Até é uma coisa que digo, danos materiais a gente repara. A gente trabalha e busca. Mas pessoas, o que aconteceu com eles não têm. Agora que fiquei sabendo. Hoje vi a entrevista da Rafaela. Até então não sabia da gravidade, não sabia como ela estava. É uma coisa que não sai da minha cabeça. Tentei por terceiros fazer contato, saber como ela estava, se estava bem. Nesse momento, graças a Deus que tinha aquele Peugeot parado. Não sei o que faria se acontecesse alguma coisa pior. Não sei minha cabeça como iria ficar. Estou abalado e gostaria de, principalmente, para os pais, para eles, tenho filhos, sei como funciona isso, imagina alguém encostar num filho, em um irmão teu… Não sei o que posso fazer para amenizar essa situação. Nunca esperava.
Quem bebeu as outras oito cervejas da sua comanda?
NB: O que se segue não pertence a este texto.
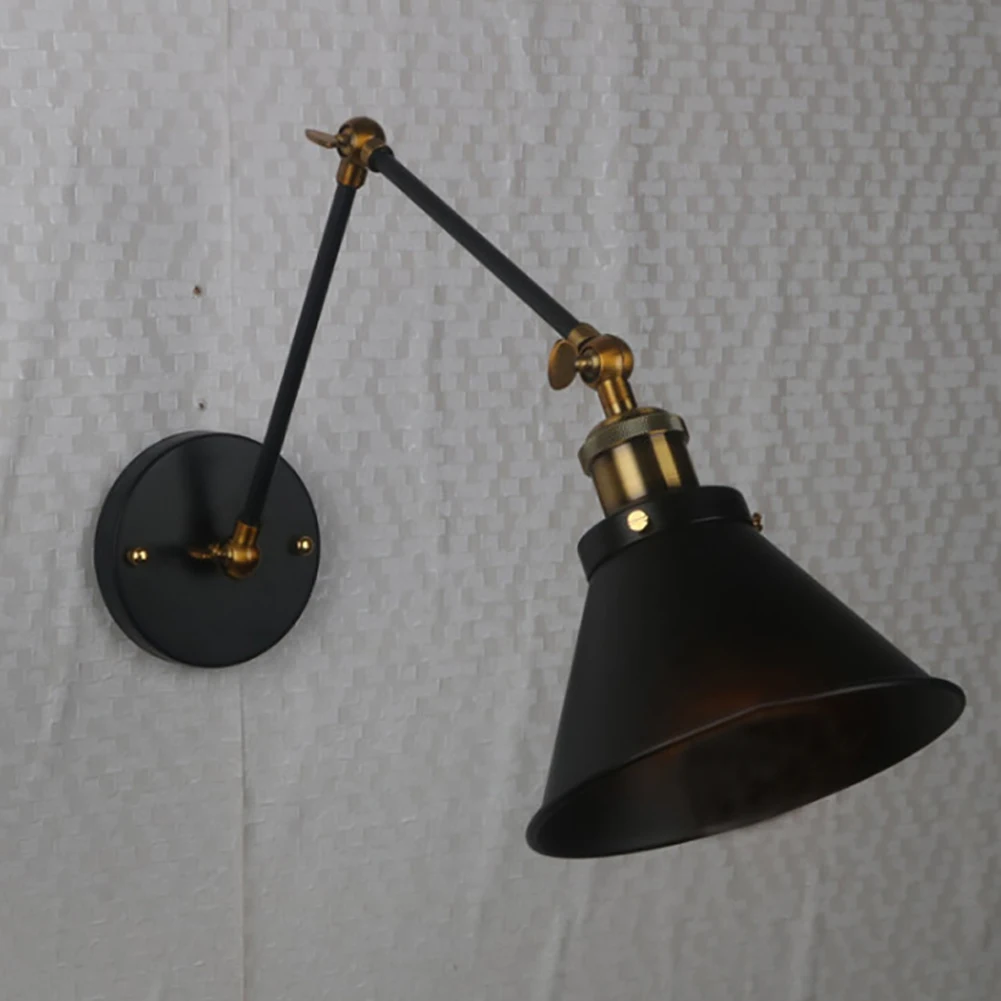 

Living Room Retro Decorative Home Long Arm Industrial Cafe Sconce Wall Lamp Night Bar Office Restaurant Adjustable Swing Black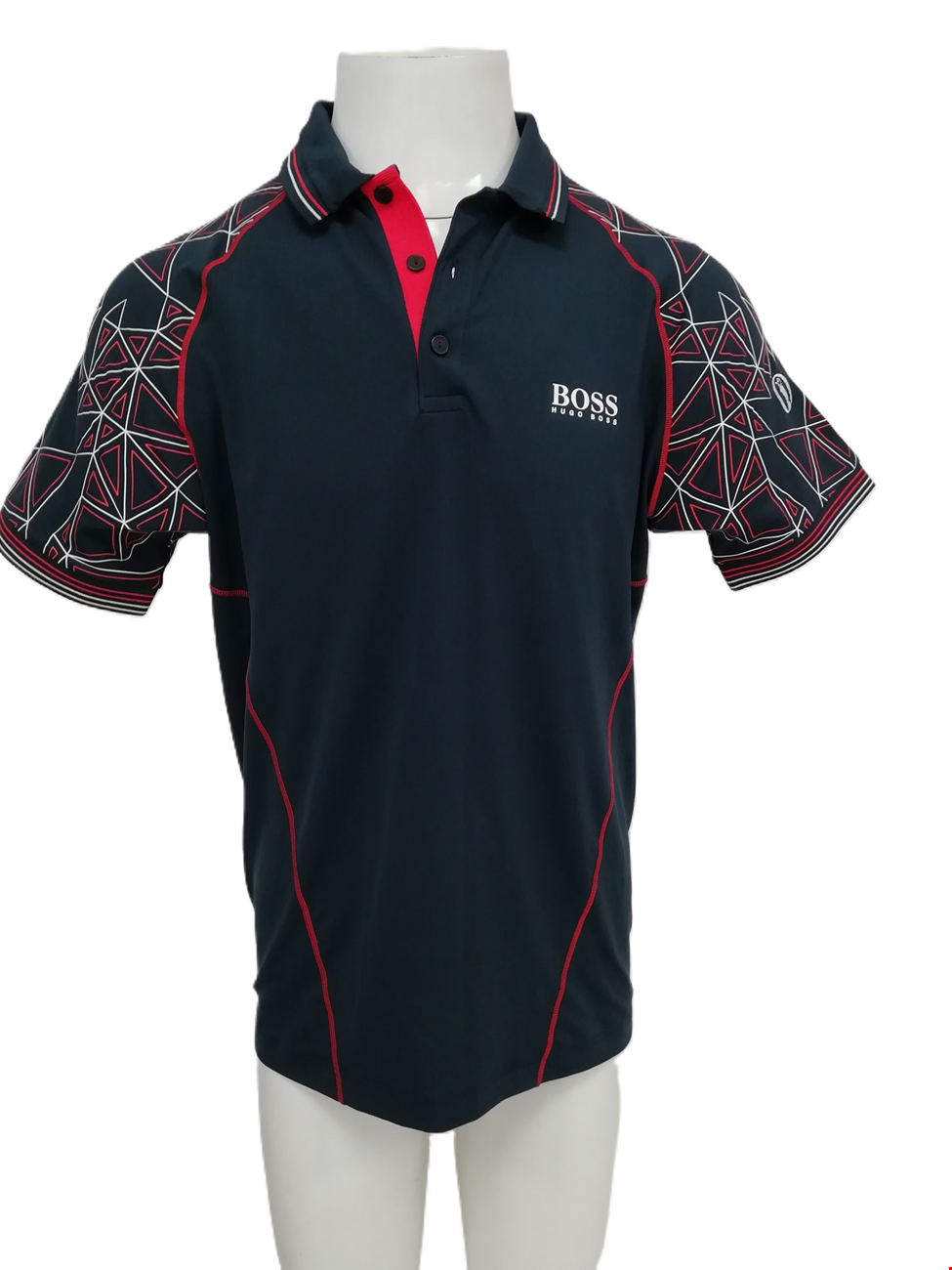HUGO BOSS Men s UK Large Navy Blue Moisture Management Polo Shirt Pre Loved Barnardo s Online Charity Shop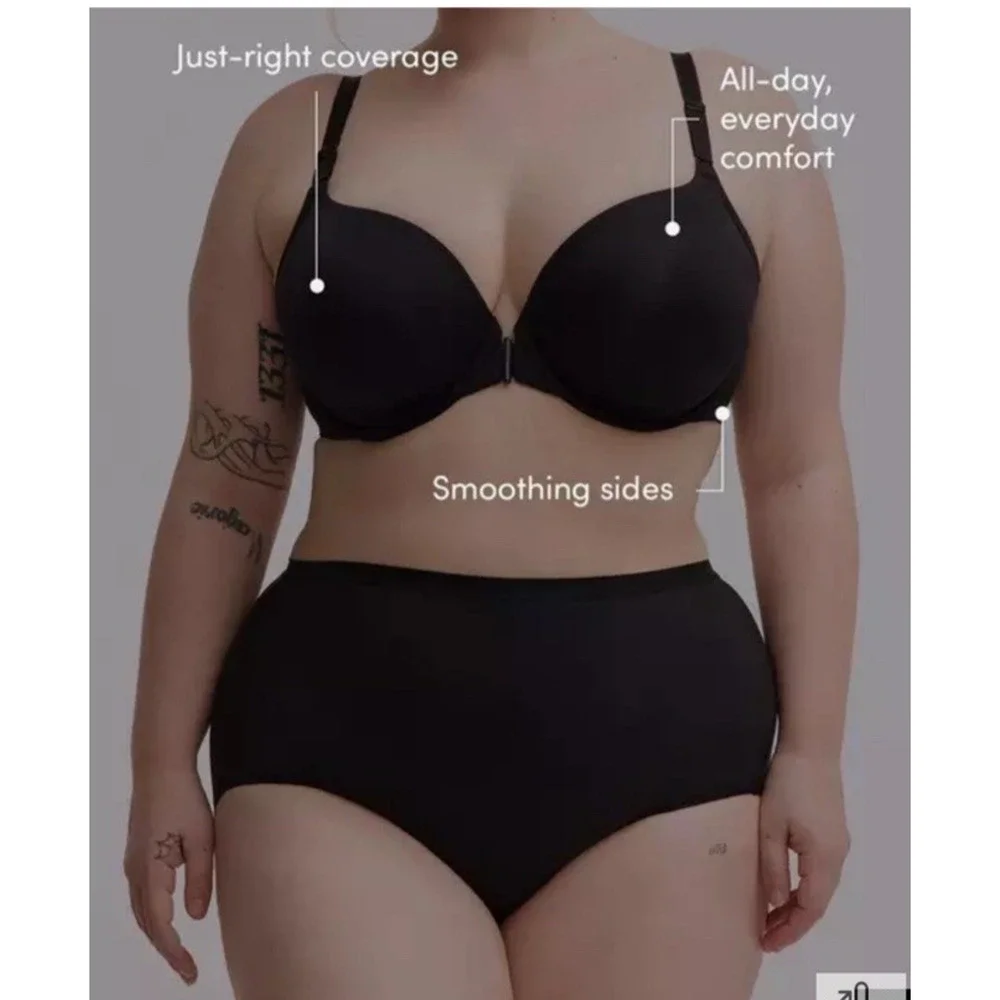 Torrid Perfect T Front Close Bra 46DDD Black Lightly Lined Ultimate Smoothing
Algumas pessoas lá. A própria Júlia (testemunha que já depôs à polícia), que tem uma declaração dela à polícia. Dei algumas cervejas para ela. O que acabei fazendo? Pegava e dava. Dei até para pessoas que nem conhecia. Ia deixar para a casa? Ia ter de pagar o valor e acabei dando. Então teve a Júlia, que fez a declaração, e pessoas que nem sabia que estavam junto com o pessoal. Nessas alturas, entrei na casa pela meia-noite e pouco, meia-noite e quarenta, saí em torno de três e meia. Se for analisar, aquilo é uma festa grande, esse horário está apenas começando. Não estava no clima de festa por alguns problemas pessoais. Saí para dar uma desopilada com os amigos.
O que seu amigo falou por tê-lo deixado sozinho?
Ele falou que estava bem. Em nenhum momento deixaria ele ali se estivesse com alguma coisa grave. Ele disse que estava bem e que eu poderia ir. Disse que estava com um pouquinho de dor. Em nenhum momento pediu para ficar. A partir do momento que vi que ele não estava gravemente machucado, acabei indo justamente porque queria indenizar os terceiros, que era o táxi e o Peugeot estacionado.
O que o senhor pretende fazer agora que foi indiciado por duas tentativas de homicídio triplamente qualificado e com o pedido de prisão preventiva solicitado pela polícia?
Não sei. Realmente não sei. Não posso fazer nada. Não vou fugir. Vou assumir. (Segundo o advogado Jader Marques, que defende Brentano, ele irá aguardar o cumprimento da decisão judicial em casa. Se a prisão for efetuada, Jader pretende ingressar com um habeas para garantir que o motorista do Audi possa responder ao processo em liberdade).